By Sir Ronald Sanders
Climate Change is no longer a future event. It is here, now and real. Planet Earth, mankind’s common homeland, appears to be already locked into 1.5C of warming, once hoped to be the top limit of human-caused climate change.
The world is now set to storm its way through the 2C limit set by the much vaunted but inadequate agreement reached in Paris in 2016.
Small island states and countries with low-lying coastlands in the Caribbean and elsewhere are in jeopardy. They ought to reject promises from the industrialized nations and, instead, insist on concrete action to address the looming danger. Accepting promises of future action does no more than give additional time for the industrialised polluting countries to do nothing while conditions deteriorate fatally for small countries.
In a recent report to the UN Human Rights Council, Professor Philip Alston, the Special Rapporteur on extreme poverty and human rights stated: “Sombre speeches by government officials at regular conferences are not leading to meaningful action as States continue to kick the can down the road. The essential elements of climate change were understood in the 1970s, and scientists and advocates have been ringing alarm bells for decades. Yet States have marched past every scientific warning and threshold, and what was once considered catastrophic warming now seems like a best-case scenario”.
The enormity of this problem is evident even in larger poor countries. According to the World Bank, 18.8 million people were displaced in 2017 due to disasters in 135 countries—almost twice the number displaced by conflict. Since 2000, people in poor countries have died from disasters at rates seven times higher than in wealthy countries.
Researchers from Stanford University have already warned that climate change is widening global inequality between nations.
A kind of ‘climate apartheid’ is developing which will lead to rich countries insulating themselves from extremes of weather while locking-out from their borders people seeking to escape heat stress, vector diseases, lack of water supply and little capacity to grow food.

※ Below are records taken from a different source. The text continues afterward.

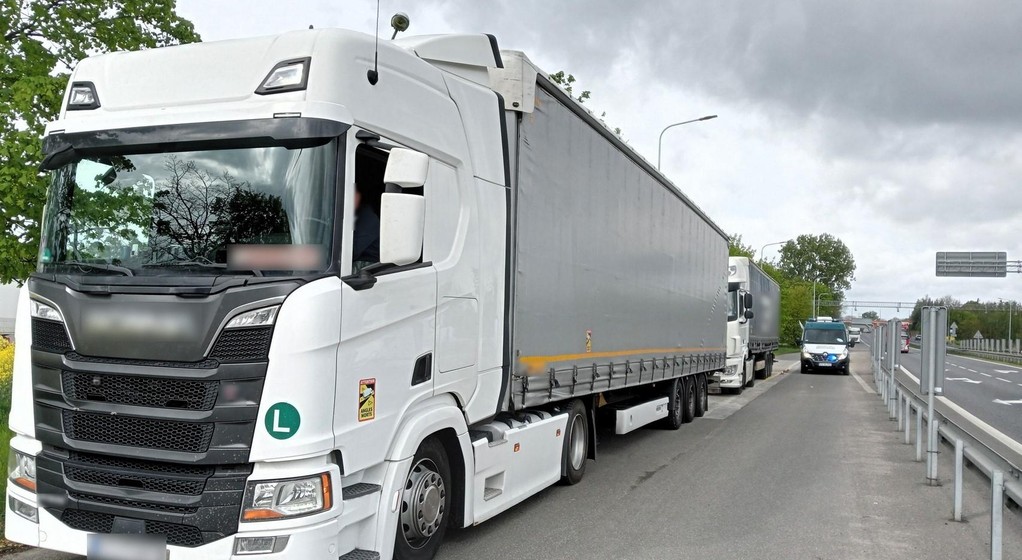 nienormatywne pojazdy z przekroczonymi naciskami osi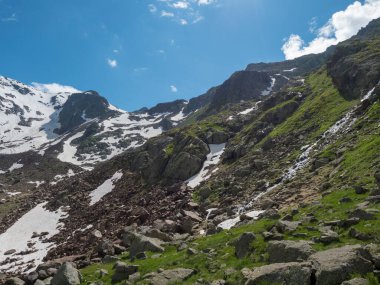 Stubai yürüyüş parkurundaki karlı dağların manzarası, Stubai Hohenweg, Tyrol, Stubai Alpleri 'nin Alp arazisi, Avusturya. Yaz masmavi gökyüzü
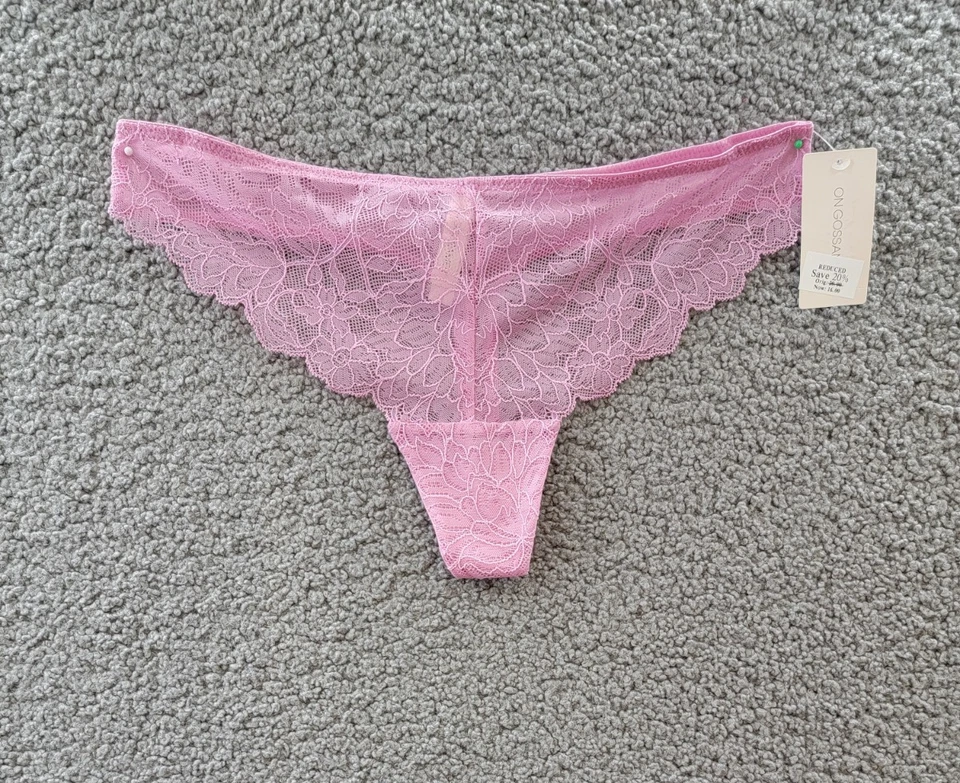 Tanga On Gossamer Luxe de encaje con borde de vieira para mujer mediana rosa baya Foto 2 de 4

This background influenced an answer I gave to a question posed to me by “The Latin American Advisor”, a US based publication that was published on July 15.
The question was: “A normal” hurricane season, in line with the annual average of 12 tropical storms forming over the Atlantic Ocean, the Caribbean Sea and the Gulf of Mexico, is expected this year, according to the National Oceanic and Atmospheric Administration. What steps are Caribbean governments taking to prepare for the hurricane season? To what extent have hurricanes and tropical storms held back Caribbean countries’ economic growth and social development over the years? What short-term and long-term measures should countries in the region implement to better deal with the preparation for, and recovery from, natural disasters?”.
My answer was: “The failure of large industrialised countries to reduce greenhouse gas emission drastically has increased and intensified hurricanes. Caribbean countries have learned that there is no ‘normal’ hurricane season. The effects of more powerful and destructive hurricanes are multidimensional, including: reversing economic growth; blighting future economic development by sky-rocketing insurance premiums that discourage rebuilding; high construction costs to rebuild for greater resilience; insufficient access to concessional financing; the need for larger and more comprehensive country-risk insurance but insufficient revenues to pay the premiums; greater unemployment; enlarged poverty; emigration, particularly of skilled labour; weakened security and increased crime; and high debt due to commercial borrowing for repeated reconstruction.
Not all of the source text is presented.